//Xanthene Norris pedestrian bridge opens to the public

Xanthene Norris pedestrian bridge opens to the public

The Xanthene Norris pedestrian bridge on Hampton Avenue officially opened to the public on Friday, March 6, ending a story that began nearly a quarter of a century ago.

Xanthene Norris herself, the longtime County Councilwoman and local leader, led a crowd of politicians, community members and reporters across the bridge to mark the event.

Read our profile on Xanthene Norris

“We are so happy to say now that we don’t have to run across the tracks,” Norris said to the crowd. “Bless you all. Bless you.”
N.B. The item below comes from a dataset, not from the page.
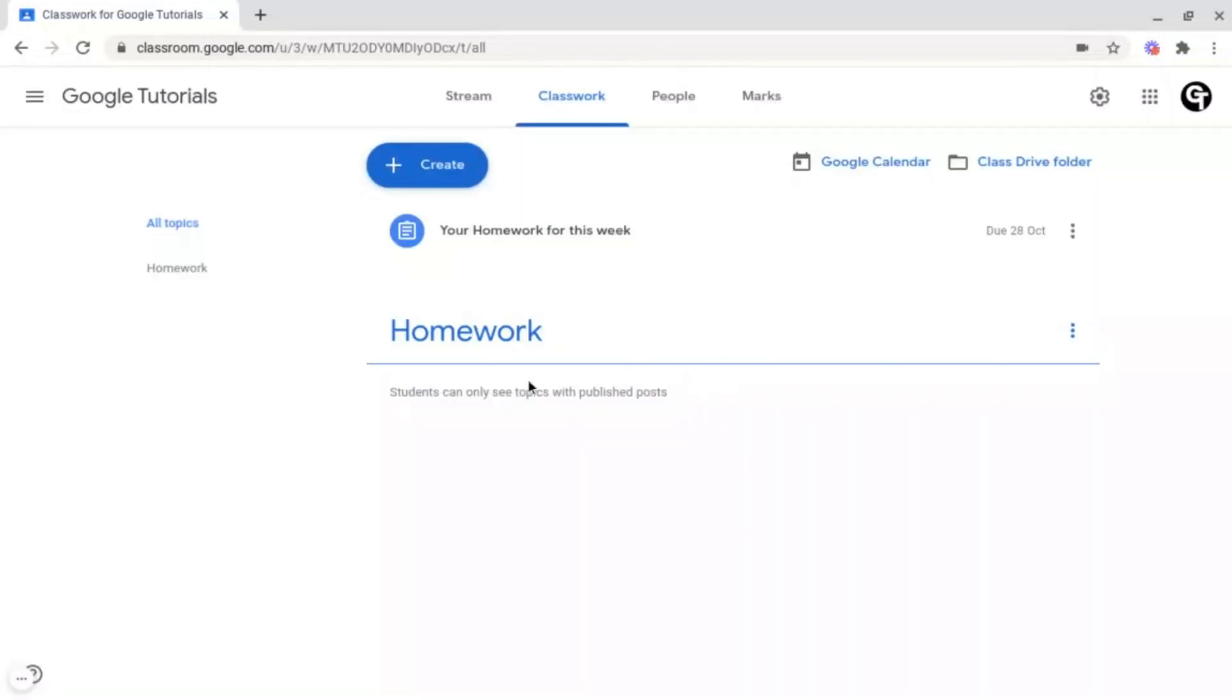So now as you can see my topic has been created and all of my class is now able to see this.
Norris address the crowd of community members at the front of the bridge on Friday. Photo by Evan Peter Smith

The bridge is more than just a bridge; it’s an emblem of hope in a community that has been cleaved in two since a bridge that spanned the Norfolk Southern rail yard in the Southernside neighborhood was demolished in 2012.

That bridge, which was officially closed in 1994, had still been used by pedestrians to cross on foot. 
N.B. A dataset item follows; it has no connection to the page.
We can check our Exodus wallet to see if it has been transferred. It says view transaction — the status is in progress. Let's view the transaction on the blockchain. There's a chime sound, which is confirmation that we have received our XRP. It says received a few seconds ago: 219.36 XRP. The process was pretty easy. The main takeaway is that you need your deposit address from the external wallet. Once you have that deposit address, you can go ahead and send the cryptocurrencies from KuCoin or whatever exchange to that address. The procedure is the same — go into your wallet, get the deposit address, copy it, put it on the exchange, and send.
Since its demolition, however, pedestrians have had to risk crossing the rail line on foot. One woman, Ernestine Dixon, died while passing the rail yard in 2018.
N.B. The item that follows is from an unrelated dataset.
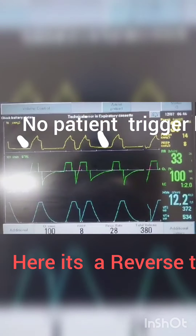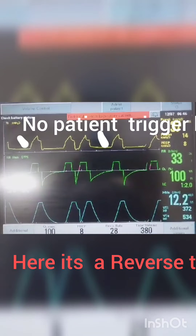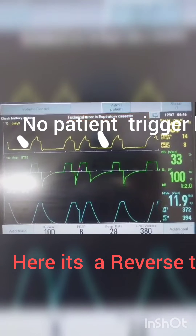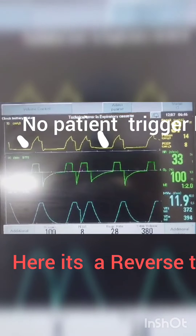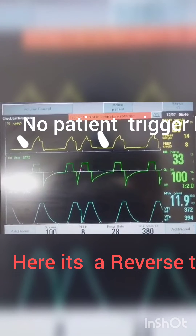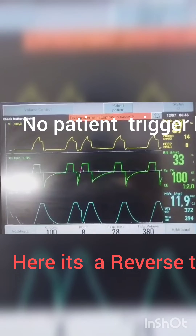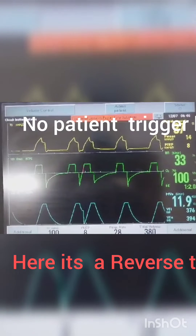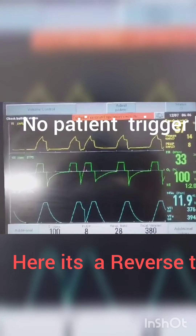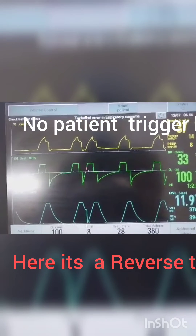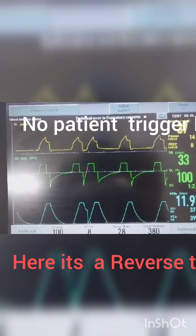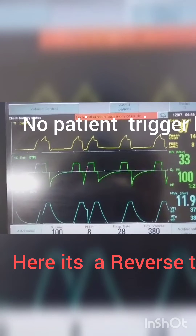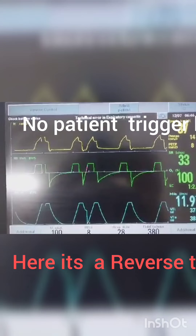What's going on here? You can see there is one after another two tidal volume generation going on — one tidal volume followed by another tidal volume. So, it is either reverse trigger or double trigger.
Kids in the neighborhood continued to pass it everyday, to the point that it became just a part of life.

Now that has changed with the new pedestrian bridge, a nearly $1.5 million project that spans 150 feet, named in honor of Norris, who never stopped pushing for the bridge’s completion.

“We had to fight,” she said, her voice rising above the sound of a train that was, at that very moment, roaring beneath the bridge. “We had to fight.”